◆ DIRECTIONS
Do not include the pictures; repeat the rest of the data exactly.

_ _ _ _ _ _ _

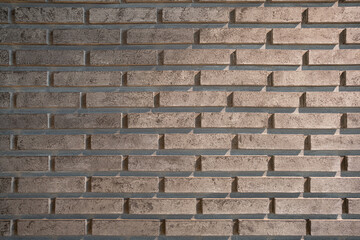 Vintage grunge old grey brick concrete  wall with shade of light and shadow. Texture and background concept.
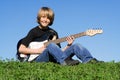 Child playing guitar Royalty Free Stock Photo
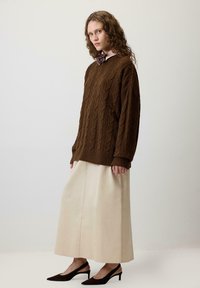 Brown cable knit sweater with oversized sleeves, paired with a long cream skirt and black slingback heels. Textured yarn detail is visible.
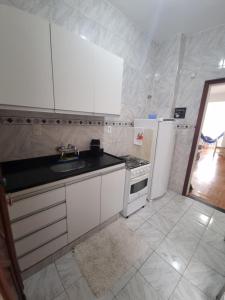 a white kitchen with a sink and a refrigerator at Apê com 2 quartos super bem localizado em copa in Rio de Janeiro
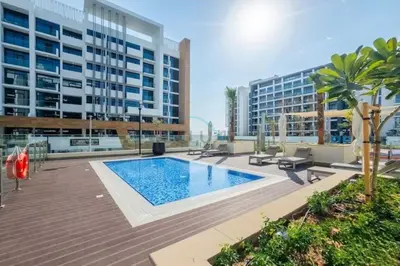 a swimming pool in the middle of a building at Peaceful 1BR with Community View, Quick Downtown and Golf Club Access, Azizi Riviera 34, Al Merkadh by Deluxe Holiday Homes in Dubai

_ _ _ _ _ _ _

◆ EXERCISE SOLUTION
 Vintage grunge old grey brick concrete  wall with shade of light and shadow. Texture and background concept.
 Child playing guitar Royalty Free Stock Photo
 Brown cable knit sweater with oversized sleeves, paired with a long cream skirt and black slingback heels. Textured yarn detail is visible.
 a white kitchen with a sink and a refrigerator at Apê com 2 quartos super bem localizado em copa in Rio de Janeiro
 a swimming pool in the middle of a building at Peaceful 1BR with Community View, Quick Downtown and Golf Club Access, Azizi Riviera 34, Al Merkadh by Deluxe Holiday Homes in Dubai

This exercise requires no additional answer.